Is there an efficient way to do it without the need of reading the whole file at initialization? Perhaps not, but what if the file is really large, let's say in the order of the RAM available? So basically I'm looking for a way to look things up efficiently in a large dictionary stored in memory.
Thanks for the answers so far, as a result I've realised I could be more specific in my question. As you've probably guessed the application is to do with text mining, in particular representing text in a form of a sparse vector (although some had other inventive ideas :)). So what is critical for usage is to be able to look strings up in the dictionary, obtain their keys as fast as possible. Initial overhead of 'reading' the dictionary file or indexing it into a database is not as important as long as the string look-up time is optimized. Again, let's assume that the dictionary size is big, comparable to the size of RAM available.
Consider ChronicleMap (https://github.com/OpenHFT/Chronicle-Map) in a non-replicated mode. It is an off-heap Java Map implementation, or, from another point of view, a superlightweight NoSQL key-value store.
What it does useful for your task out of the box:
Persistance to disk via memory mapped files (see comment by Michał Kosmulski)
Lazy load (disk pages are loaded only on demand) -> fast startup
If your data volume is larger than available memory, operating system will unmap rarely used pages automatically.
Several JVMs can use the same map, because off-heap memory is shared on OS level. Useful if you does the processing within a map-reduce-like framework, e. g. Hadoop.
Strings are stored in UTF-8 form, -> ~50% memory savings if strings are mostly ASCII (as maaartinus noted)
int or long values takes just 4(8) bytes, like if you have primitive-specialized map implementation.
Very little per-entry memory overhead, much less than in standard HashMap and ConcurrentHashMap
Good configurable concurrency via lock striping, if you already need, or are going to parallelize text processing in future.
At the point your data structure is a few hundred MB to orders of RAM, you're better off not initializing a data structure at run-time, but rather using a database which supports indexing(which most do these days).
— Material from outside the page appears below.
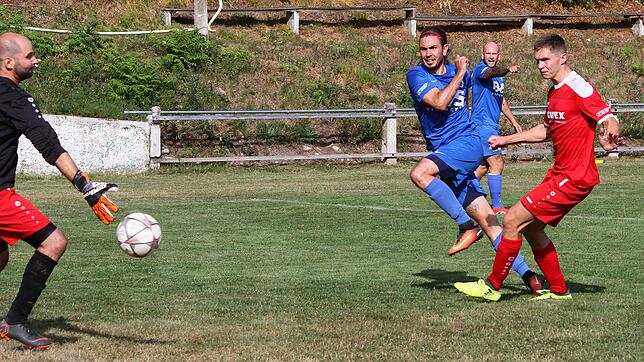 Bild 8: FC Erzingen wird Favoritenrolle beim SV Gurtweil gerecht &ndash; und wir haben Bilder!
Indexing is going to be one of the only ways you can ensure the fastest retrieval of text once you're file gets so large and you're running up against the -Xmx settings of your JVM. This is because if your file is as large, or much larger than your maximum size settings, you're inevitably going to crash your JVM.
As for having to read the whole file at initialization. You're going to have to do this eventually so that you can efficiently search and analyze the text in your code. If you know that you're only going to be searching a certain portion of your file at a time, you can implement lazy loading. If not, you might as well bite the bullet and load your entire file into the DB in the beggenning. You can implement parallelism in this process, if there are other parts of your code execution that doesn't depend on this.
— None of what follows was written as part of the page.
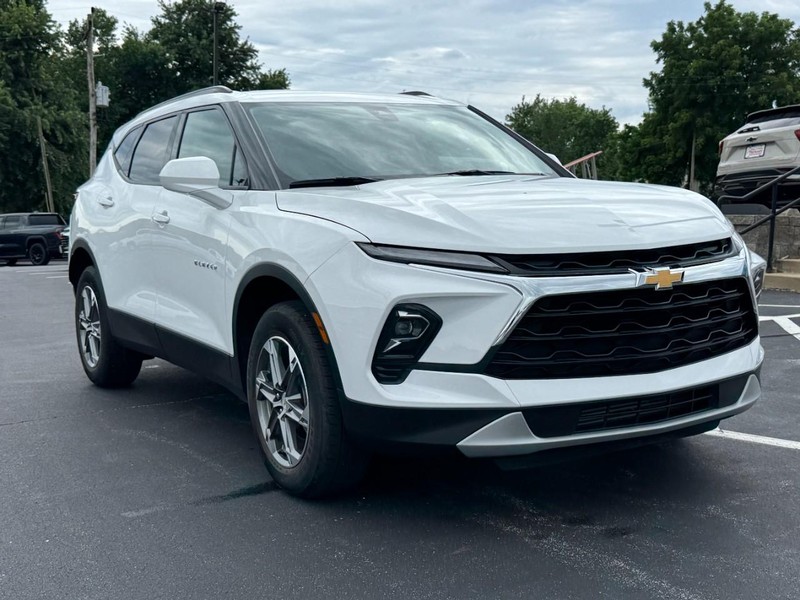 Chevrolet Blazer Vehicle Full-screen Gallery Image 02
Please let me know if you have any questions!
As stated in a comment, a Trie will save you a lot of memory.
You should also consider using bytes instead of chars as this saves you a factor of 2 for plain ASCII text or when using your national charset as long as it has no more than 256 different letters.
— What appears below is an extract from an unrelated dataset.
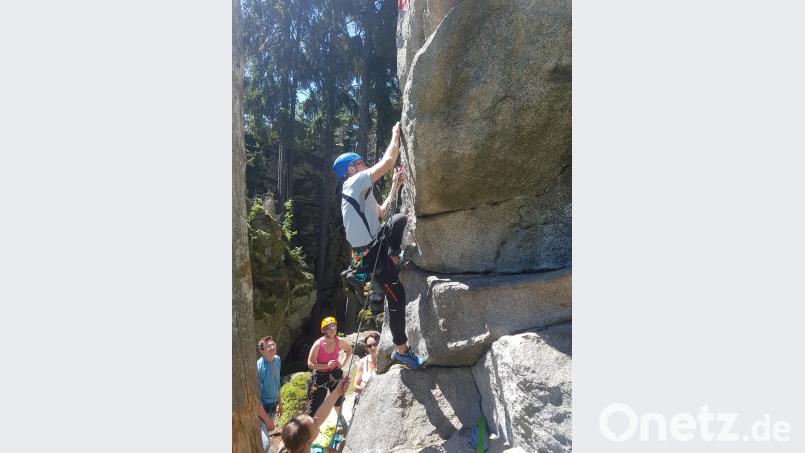 Nach einem  Theoriepart ging es zum Klettern an den Felsen. fei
At the first glance, combining this low-level optimization with tries makes no sense, as with them the node size is dominated by the pointers. But there's a way if you want to go low level.
So what is critical for usage is to be able to look strings up in the dictionary, obtain their keys as fast as possible.
Then forget any database, as they're damn slow when compared to HashMaps.
If it doesn't fit into memory, the cheapest solution is usually to get more of it. Otherwise, consider loading only the most common words and doing something slower for the others (e.g., a memory mapped file).
I was asked to point to a good tries implementation, especially off-heap. I'm not aware of any.
Assuming the OP needs no mutability, especially no mutability of keys, it all looks very simple.
I guess, the whole dictionary could be easily packed into a single ByteBuffer. Assuming mostly ASCII and with some bit hacking, an arrow would need 1 byte per arrow label character and 1-5 bytes for the child pointer. The child pointer would be relative (i.e., difference between the current node and the child), which would make most of them fit into a single byte when stored in a base 128 encoding.
I can only guess the total memory consumption, but I'd say, something like <4 bytes per word. The above compression would slow the lookup down, but still nowhere near what a single disk access needs.
It sounds too big to store in memory. Either store it in a relational database (easy, and with an index on the hash, fast), or a NoSQL solution, like Solr (small learning curve, very fast).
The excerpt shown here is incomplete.